4 grudnia

2012-12-04 08:23

Nikt też nie wie, kim jest Syn, tylko Ojciec; ani kim jest Ojciec, tylko Syn i ten, komu Syn zechce objawić.
(z Ewangelii dnia, czytaj całość – Łukasz 10,21-24)

Tej najgłębszej relacji miedzy Ojcem i Synem, między tym, co ludzkie i tym, co Boże, nie da się opisać słowami, przekazać w nauczaniu, czy zapisać w księgach, nawet tych natchnionych. Jedyną drogą poznania jest wejść w tę relację, odkryć w sobie Syna, doświadczyć mocy i obecności Ojca.

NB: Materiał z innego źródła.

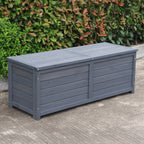 A charcoal wooden storage box, set outdoors on a concrete surface with green bushes in the background.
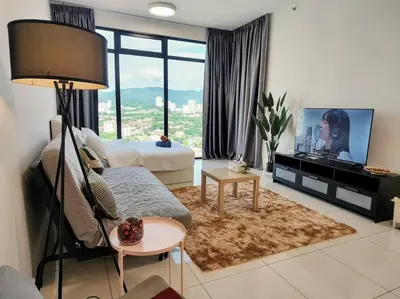 a living room with a couch and a tv at SkyPool 2Br 8pax Premium Suites Beacon Georgetown Penang in George Town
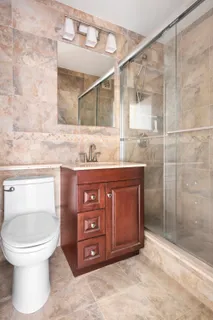 a bathroom with a toilet a sink and mirror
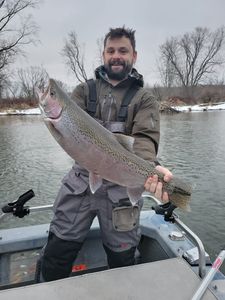 Angler with a large rainbow trout caught in MI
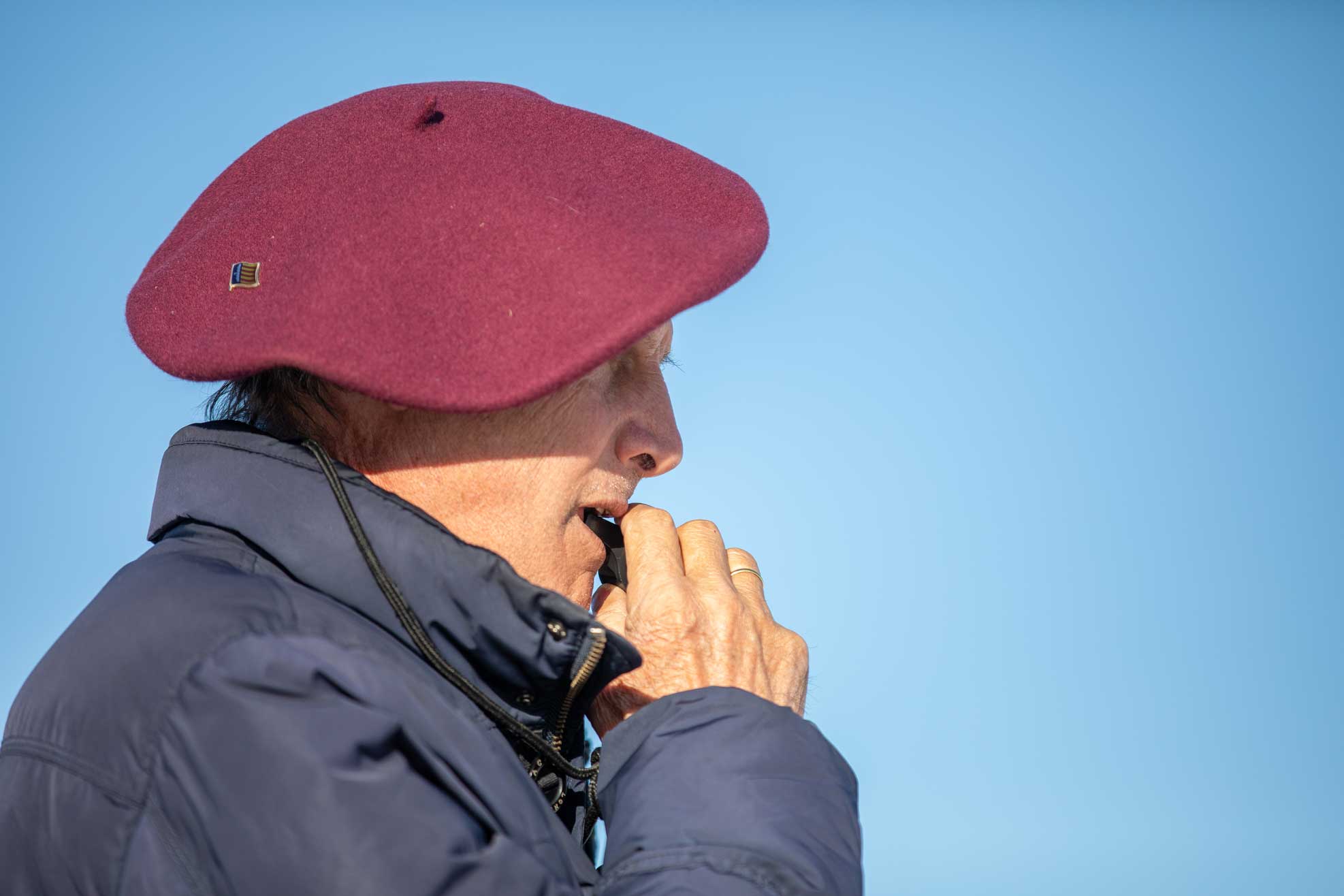 Schiedsrichter Mann mit roter Mütze und Pfeife beim Snow Polo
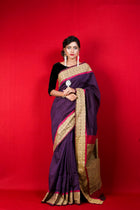 Woman wearing a purple and gold traditional Indian saree with red border.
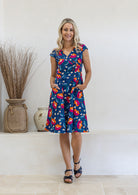 Model wears a 100% cotton dress featuring cap sleeves, pockets and a generous A-line skirt.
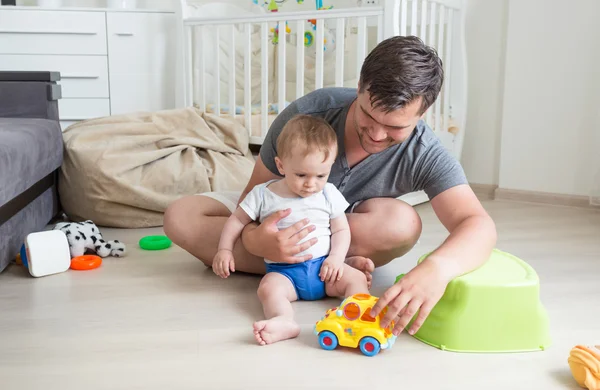 Joven padre y su niño jugando con coche de juguete en el suelo en casa — Foto de Stock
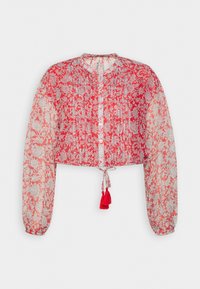 Blusa trasparente a maniche lunghe con motivo floreale rosso e bianco, bottoni frontali, vita arricciata e dettaglio con nappine sull'orlo.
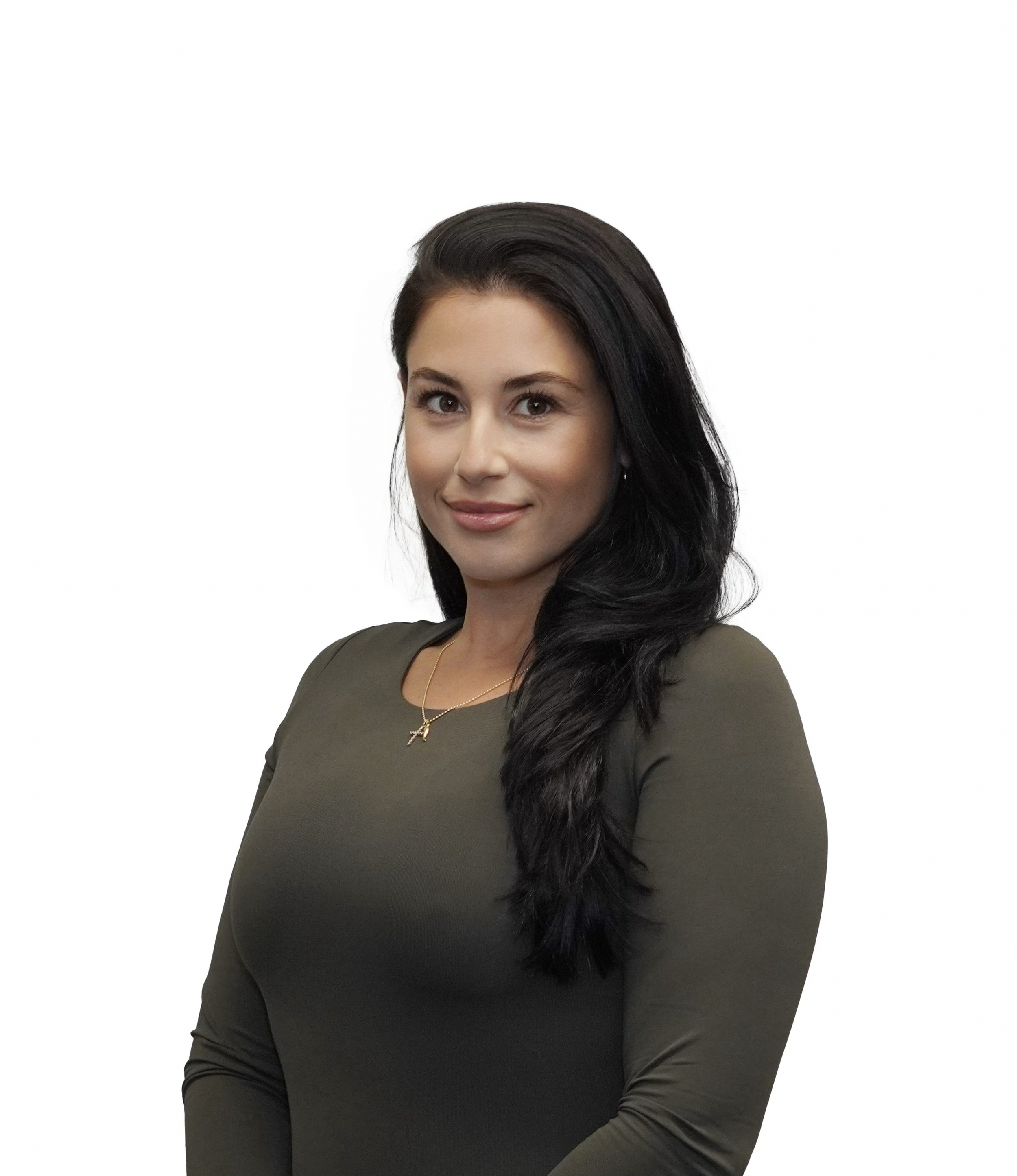 A woman with long dark hair wearing an olive green top and a gold necklace with a cross pendant, smiling slightly against a plain white background.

Prostaczkowie czynią to znacznie częściej i bardziej naturalnie, niż ci, którzy wcześniej zaufali „wiedzy”, „mądrości”, ludzkiej inteligencji, możliwościom zrozumienia i wytłumaczenia przestrzeni duchowych. Wielu z owych „znawców” ducha pozostaje na tym właśnie etapie poznania. Rozradować się w Duchu, zobaczyć to, co zakryte dla rozumu, odkryć tajemnicę w sobie, a jednocześnie zasmucić się, że wielcy i dzisiejsi „prorocy” nic o tym nie wiedzą.